Kota YOSHIDA Mitsuru SHIOZAKI Shunsuke OKURA Takaya KUBOTA Takeshi FUJINO
A model extraction attack is a security issue in deep neural networks (DNNs). Information on a trained DNN model is an attractive target for an adversary not only in terms of intellectual property but also of security. Thus, an adversary tries to reveal the sensitive information contained in the trained DNN model from machine-learning services. Previous studies on model extraction attacks assumed that the victim provides a machine-learning cloud service and the adversary accesses the service through formal queries. However, when a DNN model is implemented on an edge device, adversaries can physically access the device and try to reveal the sensitive information contained in the implemented DNN model. We call these physical model extraction attacks model reverse-engineering (MRE) attacks to distinguish them from attacks on cloud services. Power side-channel analyses are often used in MRE attacks to reveal the internal operation from power consumption or electromagnetic leakage. Previous studies, including ours, evaluated MRE attacks against several types of DNN processors with power side-channel analyses. In this paper, information leakage from a systolic array which is used for the matrix multiplication unit in the DNN processors is evaluated.
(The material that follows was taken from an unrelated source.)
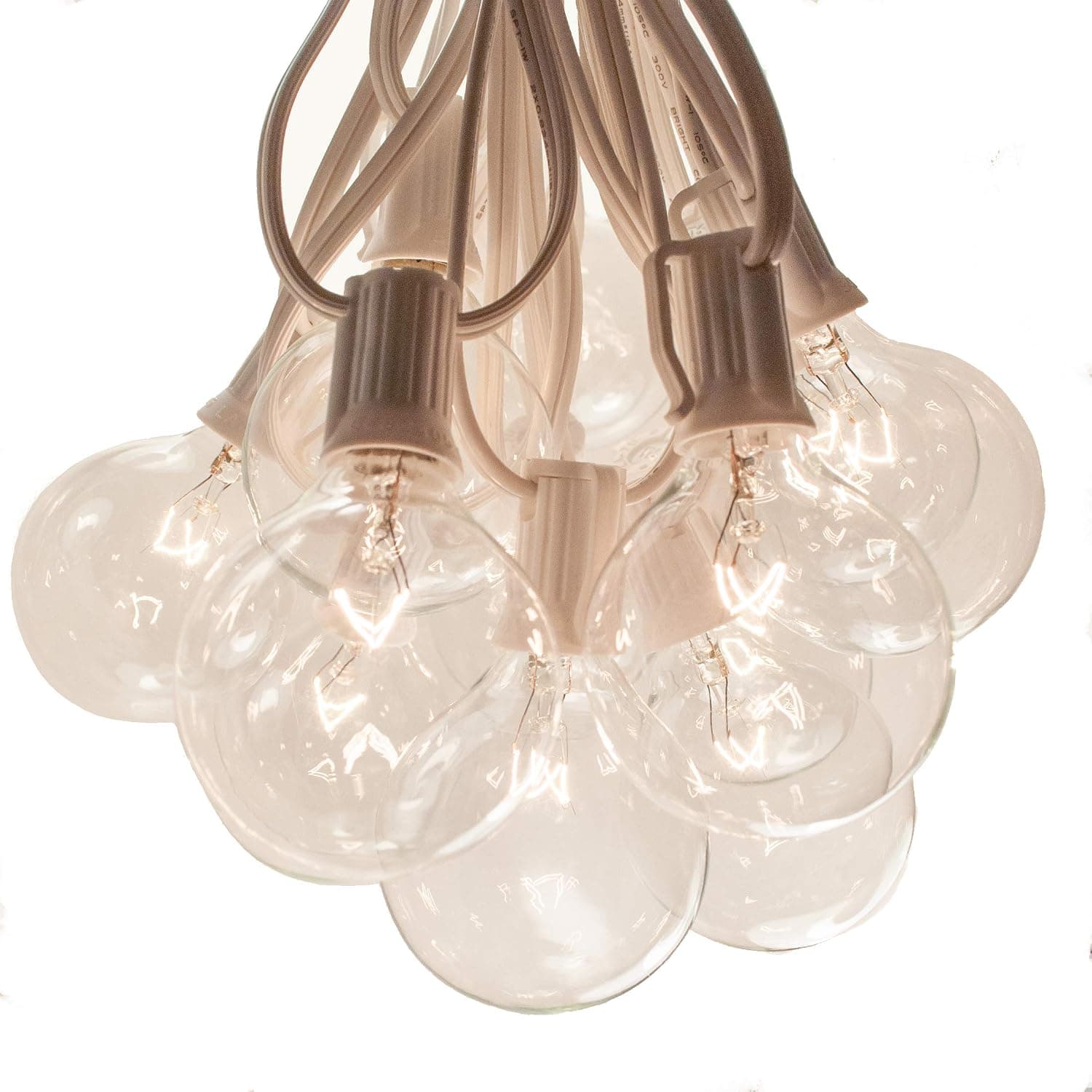 Hometown Evolution, Inc. 10 Foot Outdoor Globe String Lights (10 Foot, G50 Clear - White Wire - 2" 7-Watt Bulbs)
We utilized correlation power analysis (CPA) for the MRE attack and reveal weight parameters of a DNN model from the systolic array. Two types of the systolic array were implemented on field-programmable gate array (FPGA) to demonstrate that CPA reveals weight parameters from those systolic arrays. In addition, we applied an extended analysis approach called “chain CPA” for robust CPA analysis against the systolic arrays. Our experimental results indicate that an adversary can reveal trained model parameters from a DNN accelerator even if the DNN model parameters in the off-chip bus are protected with data encryption. Countermeasures against side-channel leaks will be important for implementing a DNN accelerator on a FPGA or application-specific integrated circuit (ASIC).